Attitudes toward Menopause

In societies where older women are respected more than younger women are, attitudes toward menopause are more positive than they are elsewhere. For example, in some Asian, African, and Native American cultures, elders are celebrated for their wisdom, experience and longevity, and so women gain rather than lose social status at menopause. Women who live in societies with a positive cultural emphasis on aging report fewer perimenopausal symptoms than do women in societies with youth-oriented cultures. For example, a recent study of women in China showed that they report very few physical symptoms in comparison to women in North America.

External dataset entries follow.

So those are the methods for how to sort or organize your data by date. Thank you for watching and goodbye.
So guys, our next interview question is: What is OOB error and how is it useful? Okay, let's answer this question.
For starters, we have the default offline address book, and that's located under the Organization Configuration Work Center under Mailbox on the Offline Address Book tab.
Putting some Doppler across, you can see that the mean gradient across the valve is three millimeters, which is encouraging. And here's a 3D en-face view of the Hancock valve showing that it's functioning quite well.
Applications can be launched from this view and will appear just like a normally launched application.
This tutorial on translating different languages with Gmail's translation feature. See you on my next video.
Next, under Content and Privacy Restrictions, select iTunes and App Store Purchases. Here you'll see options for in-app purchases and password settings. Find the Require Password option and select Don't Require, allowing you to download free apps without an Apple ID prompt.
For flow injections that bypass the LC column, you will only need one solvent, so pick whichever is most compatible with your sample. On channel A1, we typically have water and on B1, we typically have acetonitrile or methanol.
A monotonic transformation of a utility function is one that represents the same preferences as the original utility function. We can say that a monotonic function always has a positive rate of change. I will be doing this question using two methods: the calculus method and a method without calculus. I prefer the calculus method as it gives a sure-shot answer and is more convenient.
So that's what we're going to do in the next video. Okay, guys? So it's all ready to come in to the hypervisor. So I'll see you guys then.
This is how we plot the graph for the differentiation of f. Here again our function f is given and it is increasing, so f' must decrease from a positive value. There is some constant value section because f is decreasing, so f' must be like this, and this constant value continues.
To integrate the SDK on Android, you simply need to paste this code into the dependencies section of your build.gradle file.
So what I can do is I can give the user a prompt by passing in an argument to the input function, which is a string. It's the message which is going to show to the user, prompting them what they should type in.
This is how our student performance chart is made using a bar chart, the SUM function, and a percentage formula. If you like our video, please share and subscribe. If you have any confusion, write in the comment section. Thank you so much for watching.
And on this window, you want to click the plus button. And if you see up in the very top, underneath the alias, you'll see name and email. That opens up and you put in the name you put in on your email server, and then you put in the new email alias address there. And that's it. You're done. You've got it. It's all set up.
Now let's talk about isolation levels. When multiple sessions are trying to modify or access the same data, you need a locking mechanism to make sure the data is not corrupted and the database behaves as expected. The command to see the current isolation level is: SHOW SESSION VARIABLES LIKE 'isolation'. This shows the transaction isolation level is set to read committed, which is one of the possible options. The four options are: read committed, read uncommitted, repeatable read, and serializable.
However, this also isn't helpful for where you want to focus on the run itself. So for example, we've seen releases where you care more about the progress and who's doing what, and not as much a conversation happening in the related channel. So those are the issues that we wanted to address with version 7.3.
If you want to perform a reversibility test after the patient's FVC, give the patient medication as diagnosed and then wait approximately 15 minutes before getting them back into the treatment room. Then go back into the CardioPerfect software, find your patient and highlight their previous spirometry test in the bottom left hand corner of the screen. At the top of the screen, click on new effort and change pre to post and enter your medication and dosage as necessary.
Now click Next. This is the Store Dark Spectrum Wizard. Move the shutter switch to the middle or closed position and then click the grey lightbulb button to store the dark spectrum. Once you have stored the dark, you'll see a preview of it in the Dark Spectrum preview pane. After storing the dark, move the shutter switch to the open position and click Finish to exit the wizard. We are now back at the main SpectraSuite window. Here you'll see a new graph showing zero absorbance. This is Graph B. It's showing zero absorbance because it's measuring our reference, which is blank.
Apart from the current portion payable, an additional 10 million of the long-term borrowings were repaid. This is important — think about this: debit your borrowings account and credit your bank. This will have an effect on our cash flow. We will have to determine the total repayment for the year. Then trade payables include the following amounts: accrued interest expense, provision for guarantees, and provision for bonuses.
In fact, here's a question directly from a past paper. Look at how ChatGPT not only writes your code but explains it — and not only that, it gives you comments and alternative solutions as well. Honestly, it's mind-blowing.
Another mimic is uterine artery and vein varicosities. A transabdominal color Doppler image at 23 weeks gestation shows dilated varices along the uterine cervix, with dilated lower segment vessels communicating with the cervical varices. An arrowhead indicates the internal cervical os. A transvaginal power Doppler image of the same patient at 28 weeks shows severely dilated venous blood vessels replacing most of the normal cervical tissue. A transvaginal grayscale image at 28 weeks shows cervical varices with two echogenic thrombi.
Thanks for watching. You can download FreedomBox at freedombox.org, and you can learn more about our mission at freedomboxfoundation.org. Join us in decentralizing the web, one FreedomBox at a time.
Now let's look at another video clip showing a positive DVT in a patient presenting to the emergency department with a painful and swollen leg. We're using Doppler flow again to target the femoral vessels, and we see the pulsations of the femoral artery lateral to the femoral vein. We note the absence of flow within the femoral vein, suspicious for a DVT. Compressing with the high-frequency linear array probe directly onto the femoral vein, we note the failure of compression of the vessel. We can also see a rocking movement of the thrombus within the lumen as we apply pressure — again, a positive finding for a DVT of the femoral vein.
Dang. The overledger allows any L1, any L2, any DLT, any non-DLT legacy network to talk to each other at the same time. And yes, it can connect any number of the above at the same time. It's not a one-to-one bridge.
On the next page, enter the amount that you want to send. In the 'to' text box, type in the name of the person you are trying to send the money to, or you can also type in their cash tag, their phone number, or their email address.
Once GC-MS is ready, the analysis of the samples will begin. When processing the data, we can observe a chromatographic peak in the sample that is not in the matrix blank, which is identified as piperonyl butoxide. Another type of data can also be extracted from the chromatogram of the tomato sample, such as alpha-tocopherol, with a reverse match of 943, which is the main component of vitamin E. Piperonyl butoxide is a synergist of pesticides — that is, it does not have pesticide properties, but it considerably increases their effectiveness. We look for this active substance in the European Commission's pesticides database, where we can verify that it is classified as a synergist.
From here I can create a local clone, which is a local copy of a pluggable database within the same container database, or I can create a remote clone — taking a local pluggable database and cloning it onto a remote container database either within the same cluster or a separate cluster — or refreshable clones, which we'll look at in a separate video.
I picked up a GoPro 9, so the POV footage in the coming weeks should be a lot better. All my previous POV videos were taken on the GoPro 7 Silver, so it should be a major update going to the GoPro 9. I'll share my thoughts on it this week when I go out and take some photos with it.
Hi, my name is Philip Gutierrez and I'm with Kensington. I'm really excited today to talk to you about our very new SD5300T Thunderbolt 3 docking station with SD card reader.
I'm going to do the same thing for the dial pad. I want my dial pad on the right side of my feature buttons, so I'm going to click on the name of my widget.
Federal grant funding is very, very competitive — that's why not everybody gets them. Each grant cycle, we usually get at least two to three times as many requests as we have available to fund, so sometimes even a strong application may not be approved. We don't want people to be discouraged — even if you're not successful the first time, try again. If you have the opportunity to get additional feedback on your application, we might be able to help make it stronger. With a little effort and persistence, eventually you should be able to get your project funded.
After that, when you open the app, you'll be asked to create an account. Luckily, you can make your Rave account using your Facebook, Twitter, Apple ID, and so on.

The medicalization of menopause (i.e., the cultural belief that menopause is an illness to be treated medically, rather than a natural and necessary developmental transition) contributes to a general, negative attitude toward menopause and expectations that women will suffer and need treatment. Such expectations can cause women to focus on every ache, hot flash, and unusual sensation; worry about them; and thus magnify their importance. Women might also attribute to menopause symptoms that are related to aging in general or to a chronic illness and actually have nothing to do with menopause itself. These misattributions can also make perimenopause seem worse than it is.

Surveys of midlife women have typically shown that women have mixed feelings about menopause. Among the reasons why women see menopause negatively are the loss of fertility, the symptoms that tend to accompany it, the belief that it has come too soon, the fact that menopause is a clear sign of aging, and a sense of being less feminine. Positive aspects of menopause include the end of the bother of managing menstruation, the end of the need for contraceptives, and a general sense of liberation. Older women tend to have more positive views of menopause than younger women do, and older women are more likely than younger women to agree that postmenopausal women feel freer, calmer, and more confident than ever before.